### Image-text web data
_ _ _ _

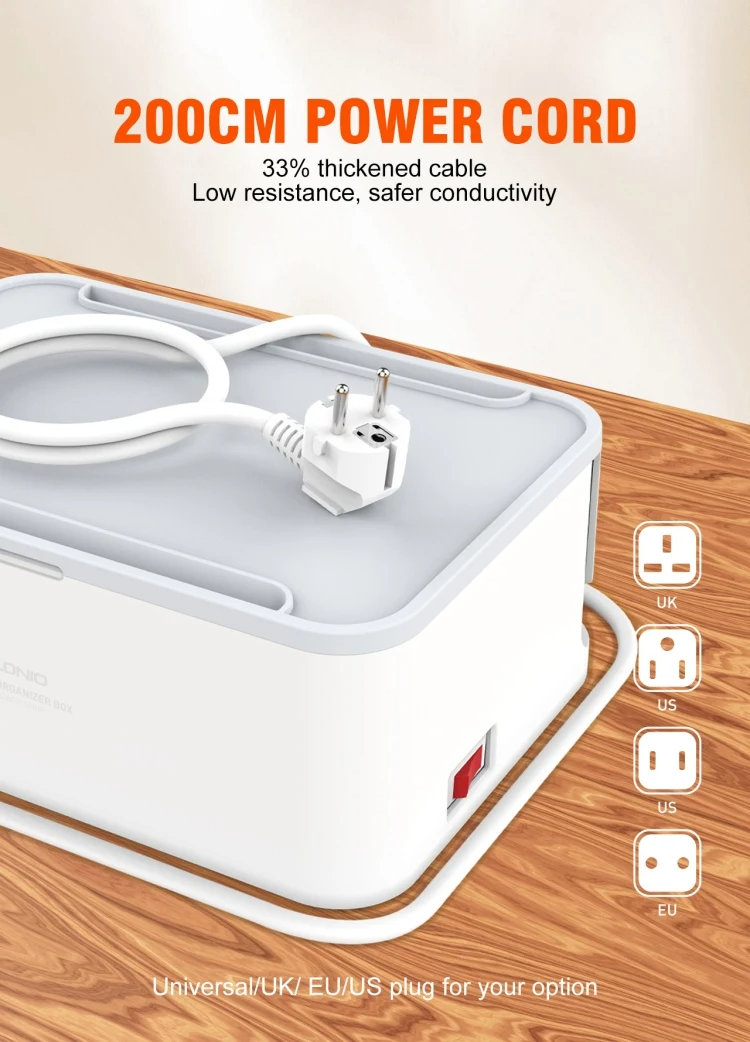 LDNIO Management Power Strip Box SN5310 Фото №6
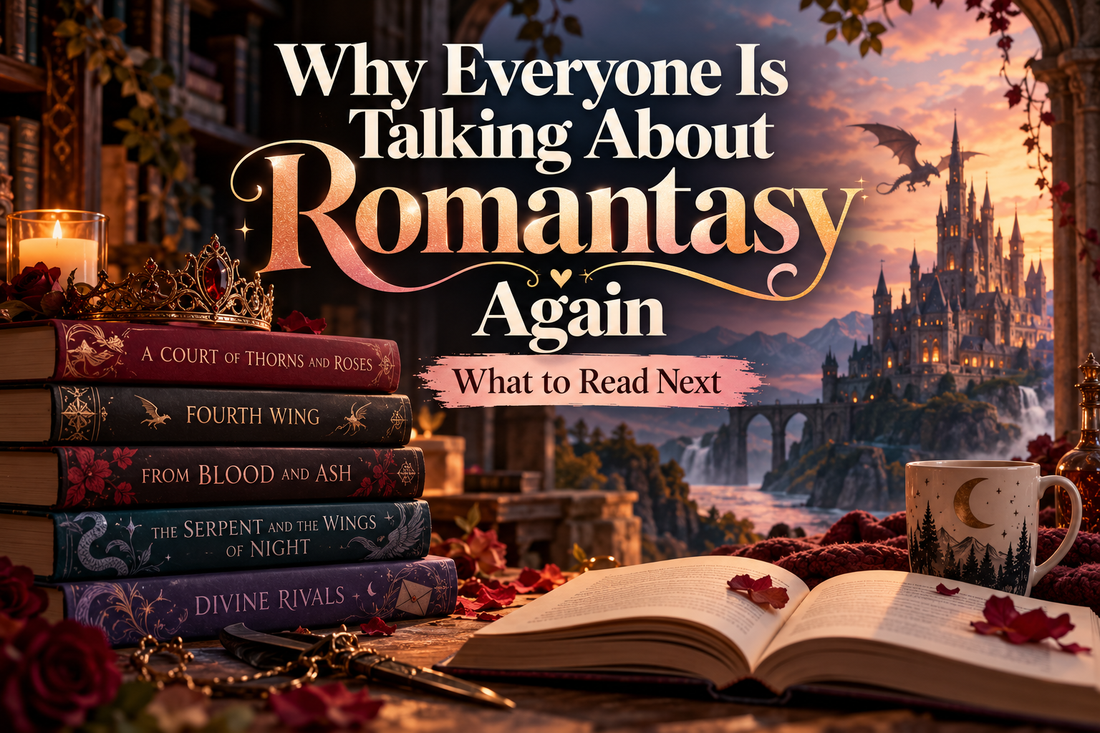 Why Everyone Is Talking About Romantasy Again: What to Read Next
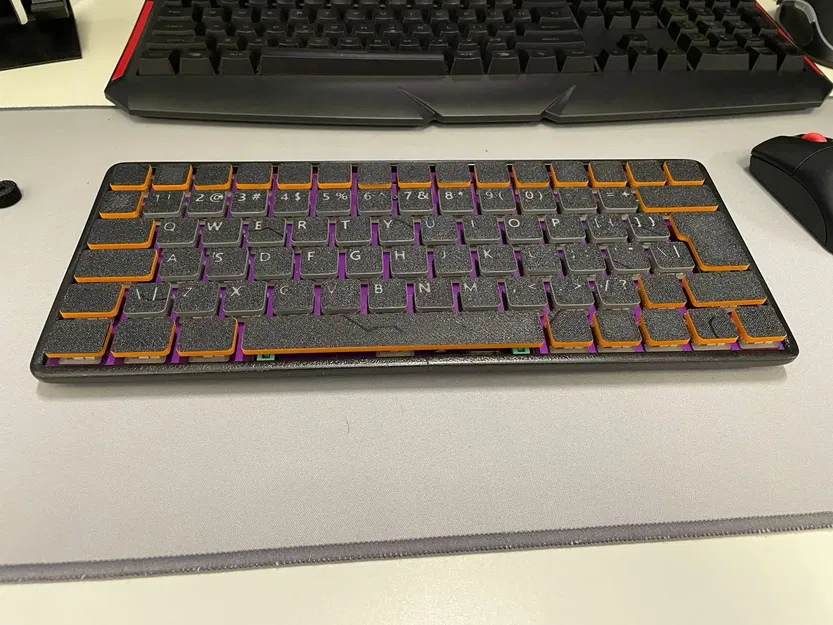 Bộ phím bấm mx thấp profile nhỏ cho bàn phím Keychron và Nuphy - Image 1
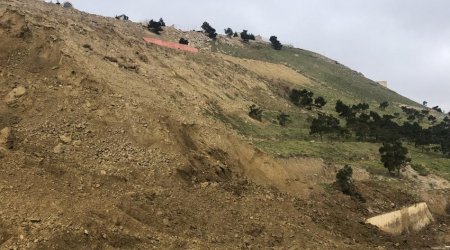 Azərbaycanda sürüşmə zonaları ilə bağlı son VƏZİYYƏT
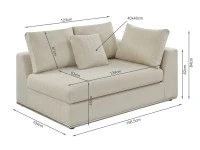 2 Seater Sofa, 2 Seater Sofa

_ _ _ _

### What the task asks
In the answer, include exactly the lines from the one containing "Azərbaycanda sürüşmə zonaları" through the end of the records above and no pictures at all.

### Result for this task
 Azərbaycanda sürüşmə zonaları ilə bağlı son VƏZİYYƏT
 2 Seater Sofa, 2 Seater Sofa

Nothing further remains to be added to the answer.